= Exercise objective =
Print the data exactly. Pictures stay out.

= Information provided =
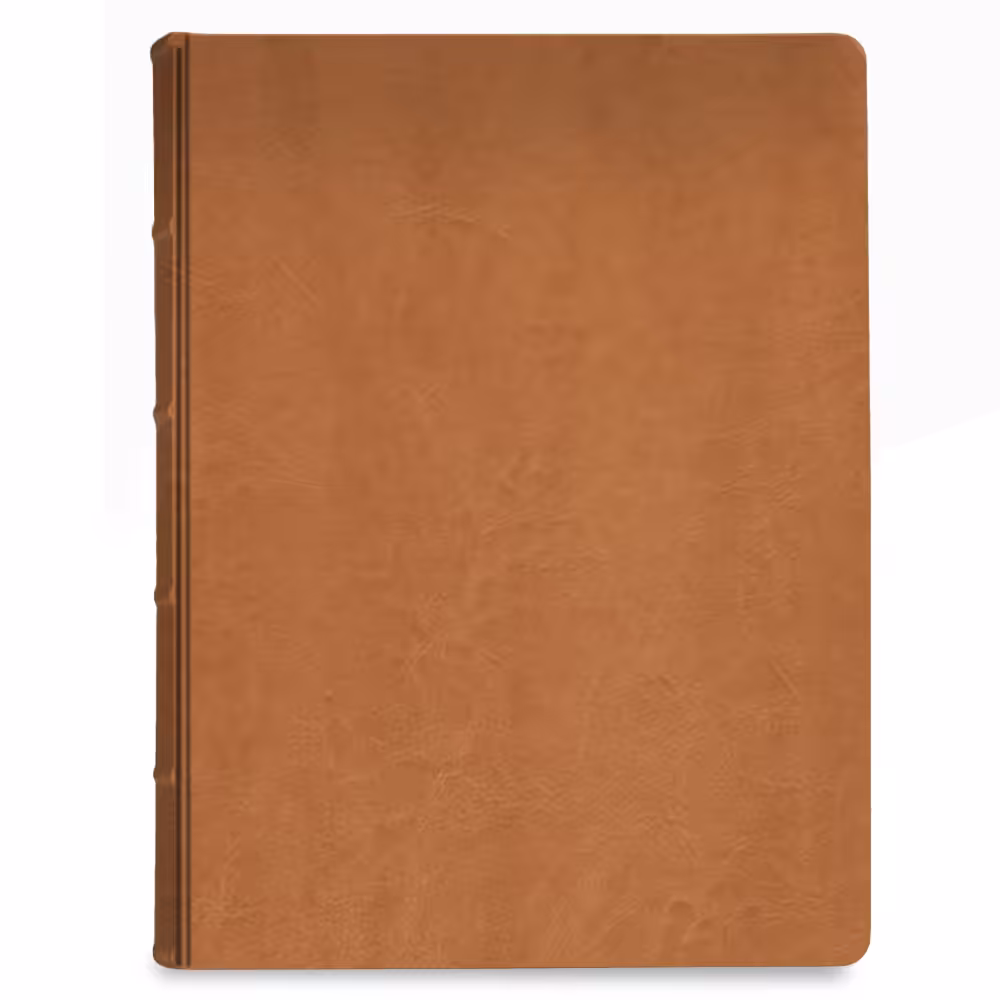 album na zdjęcia wsuwane | skóra galanteryjna | brązowy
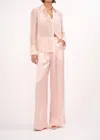 Nonchalantlabel Val Blouse Set In Pastel Pink In Pink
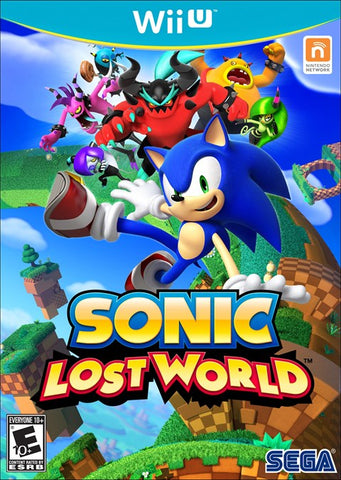 Sonic Lost World Wii U Used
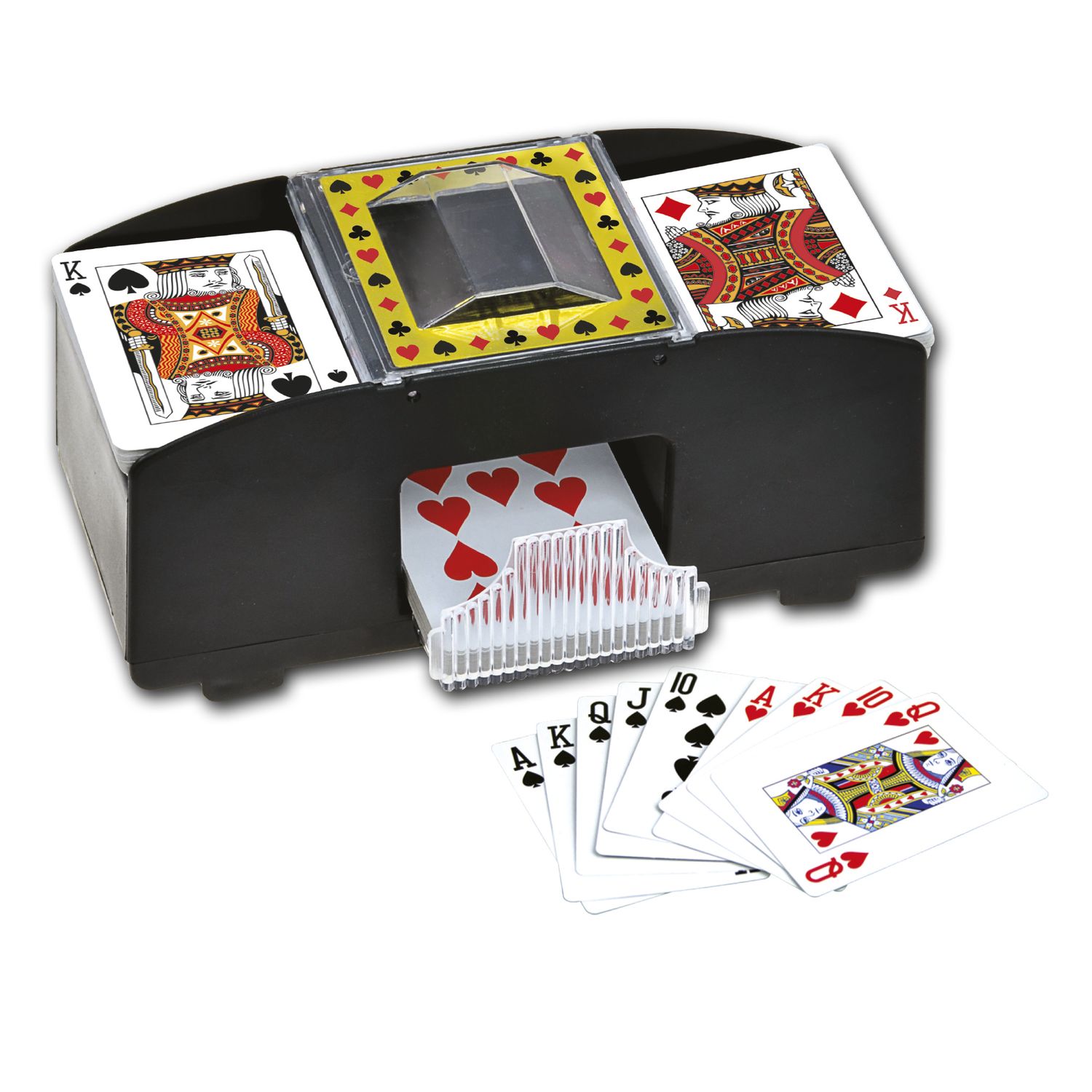 Card shuffler - mescolatore automatico di carte - ZIG ZAG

= Completed task =
 album na zdjęcia wsuwane | skóra galanteryjna | brązowy
 Nonchalantlabel Val Blouse Set In Pastel Pink In Pink
 Sonic Lost World Wii U Used
 Card shuffler - mescolatore automatico di carte - ZIG ZAG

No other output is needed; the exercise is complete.